Any Connecticut state agency that has not yet begun to streamline its operations through such efficiency strategies as lean principles must now do so, according to a directive this week from Governor Malloy. 

Lean is a tool used widely in the private sector to create customer value while using the fewest resources possible. Companies employing lean are able to increase efficiency and remove waste by paring redundant layers of management, restructuring functions, and adopting new ways of budgeting.

Adoption of lean processes in state government, said the governor, “is one of the best ways we can continue to improve service delivery even in the face of a tough budget and a challenging economy.”

Connecticut’s business community has long encouraged state government to implement lean, and CBIA’s recent report on state spending (“Turning the Tide on State Spending”) and the association’s agenda for 2013 (“A Stronger, More Competitive Connecticut”) both specifically call for the adoption of lean techniques government-wide.

“The governor should be commended for his leadership in issuing the first call for statewide adoption of lean principles,” said CBIA Economist Pete Gioia.

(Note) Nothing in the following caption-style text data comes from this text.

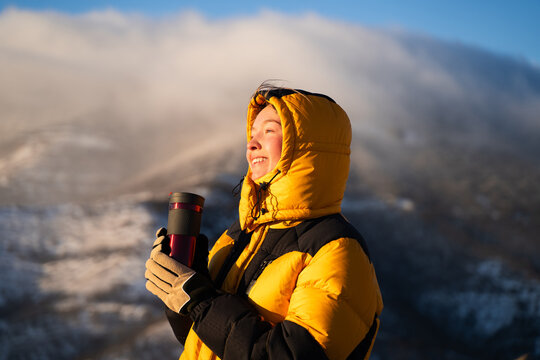 Woman with thermos cup enjoying sunrise in snowy mountains, outdoor active lifestyle, travel and winter recreation concept.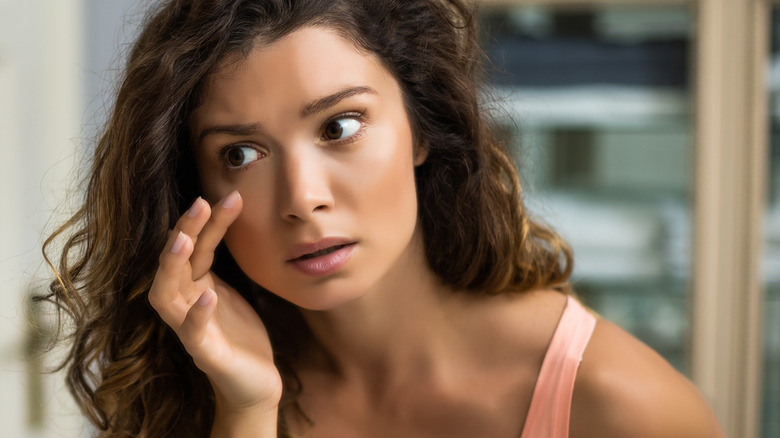 Woman with eye bags and puffy eyes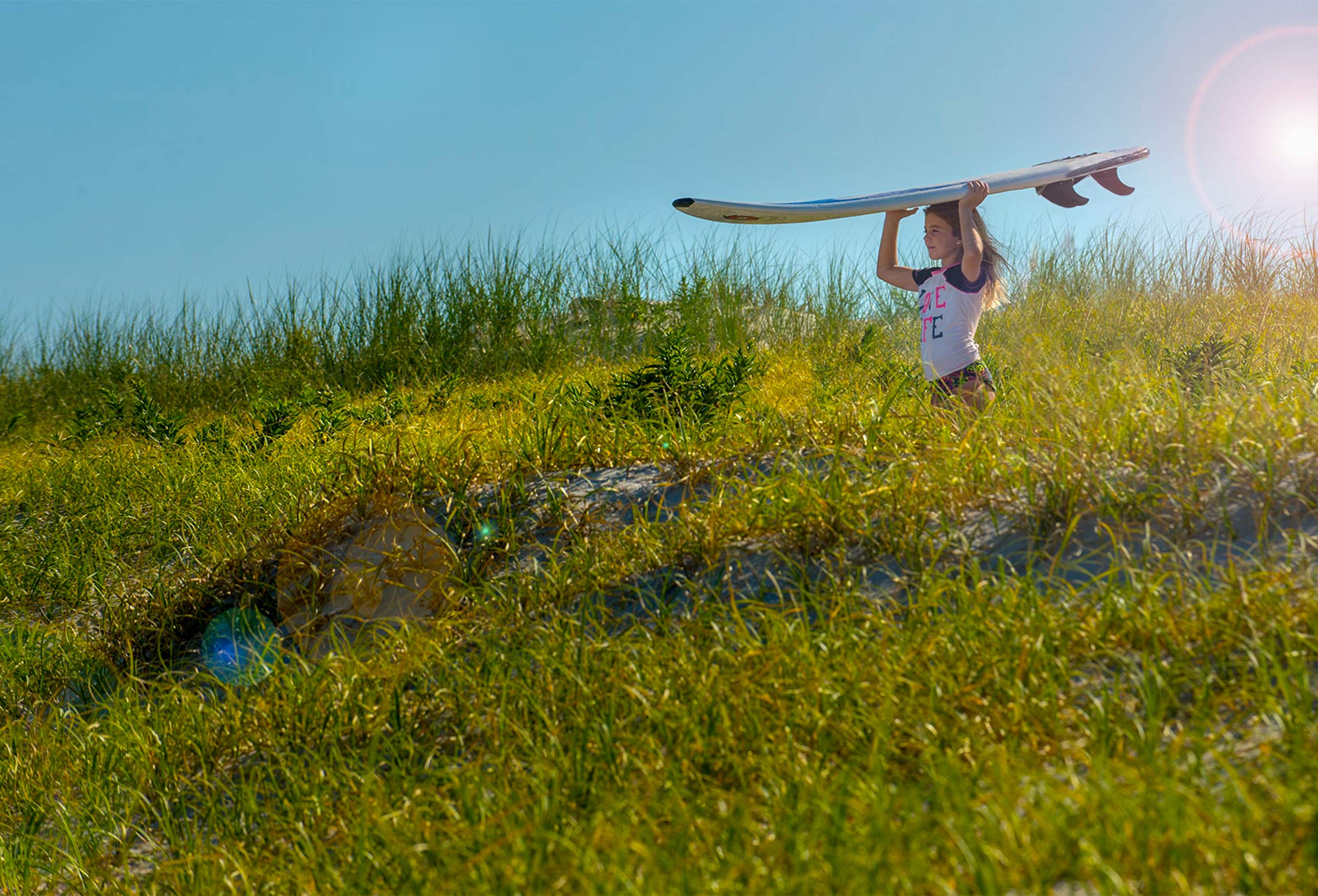 Teen surfer girl walks through dunes with surfboard on head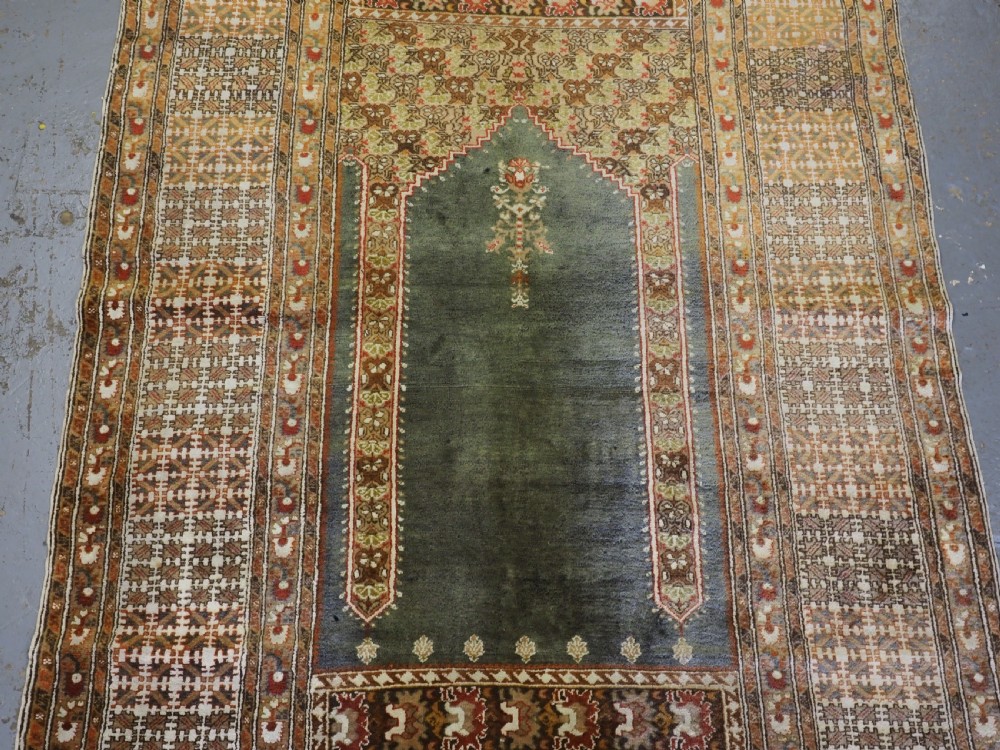 ANTIQUE TURKISH PANDERMA / BANDIRMA PRAYER RUG WITH GREEN GROUND, CIRCA 1900. View V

Over the last two years, several state agencies, including the Department of Administrative Services (DAS), the Department of Transportation (DOT), the Department of Energy and Environmental Protection (DEEP), the Department of Economic and Community Development (DECD), and the Office of Policy and Management (OPM), have started to implement lean and have seen both significant cost savings and reduced production time for certain processes.

DEEP, for example, has managed to reduce processing time for 12 of its permits by 74%, and the DOT has reduced the processing time for certain of its permits from more than a year to 60 days.

Economists predict that Connecticut’s economy will continue a slow recovery perhaps for years, and the state comptroller projects that the current-year state budget is out of balance by $131 million.

Reining in spending is fiscally necessary and critically important to giving businesses the confidence they need to invest and create more jobs in Connecticut.